Vancouver, BC (March 30, 2022) Skeena Resources Limited (TSX: SKE, NYSE: SKE) (“Skeena” or “the Company”) is pleased to announce that it has signed a binding agreement with QuestEx Gold & Copper Ltd. (“QuestEx”) whereby Skeena will acquire all of the issued and outstanding shares of QuestEx, pursuant to a plan of arrangement (the “QuestEx Transaction”) for share and cash consideration. The consideration will consist of C$0.65 cash and 0.0367 of a common share in the capital of Skeena (each whole share, a “Skeena Share”) for each one QuestEx common share (the “Arrangement Consideration”), representing total consideration of approximately C$48.6 million, or approximately C$1.20 per QuestEx share based on Skeena’s 5-day VWAP ending March 29, 2022, on the TSX.

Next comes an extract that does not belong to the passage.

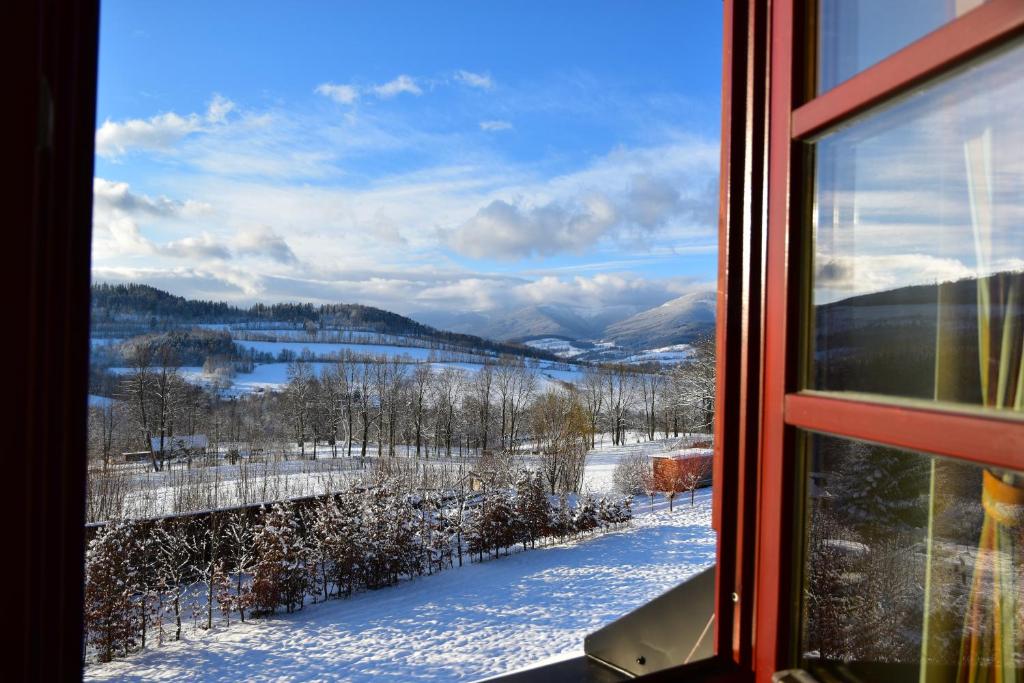 Chalupa Tomiva room 3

Skeena has signed a concurrent binding agreement with Newmont Corporation (NYSE: NEM, TSX: NGT) (“Newmont”) to vend certain QuestEx properties to Newmont via an asset purchase agreement (the “Newmont Transaction”) on completion of the QuestEx Transaction for approximately C$27 million. The cash proceeds from the Newmont Transaction are expected to be sufficient to cover the cash portion of the aggregate Arrangement Consideration payable by Skeena. The net Arrangement Consideration (after subtracting the QEX shares already owned by Skeena and Newmont) will be payable through the issuance of approximately C$15 million in Skeena Shares. Skeena will also assume QuestEx’s outstanding options and warrants.
Benefits to Skeena:
- Expansive Land Package in BC’s Prolific Golden Triangle: Following the closing of the QuestEx Transaction and the Newmont Transaction, Skeena’s land package will increase nearly sevenfold, and the Company will (based on publicly available information) have one of the largest land positions held for mining in British Columbia’s Golden Triangle, totalling 84,889 hectares.
- Exploration Synergies and Potential: The proximity of QuestEx’s KSP and Kingpin properties to Skeena’s Eskay Creek and Snip projects provides opportunities for exploration synergies. The Company believes that the combined portfolio offers significant exploration potential (refer to map at the end of this release).
- Minimal Dilution to Skeena Shareholders: The combination of cash and shares minimizes dilution to Skeena shareholders to less than 2%, while the cash component is expected to be entirely offset by the proceeds of the Newmont Transaction.
Walter Coles, President & CEO of Skeena commented, “We are excited to announce these transactions, which will add over 74,000 hectares to Skeena’s land holdings and give us one of the largest land positions held for mining in the prolific Golden Triangle. The KSP and Kingpin properties are proximal to our Eskay Creek and Snip projects and appear to have the same geological hallmarks that have hosted other large gold systems in the area. Involving Newmont on these transactions has allowed Skeena to acquire these strategically important land packages while minimizing share dilution. We are excited to explore these new mineral claims as we continue to advance Eskay Creek.”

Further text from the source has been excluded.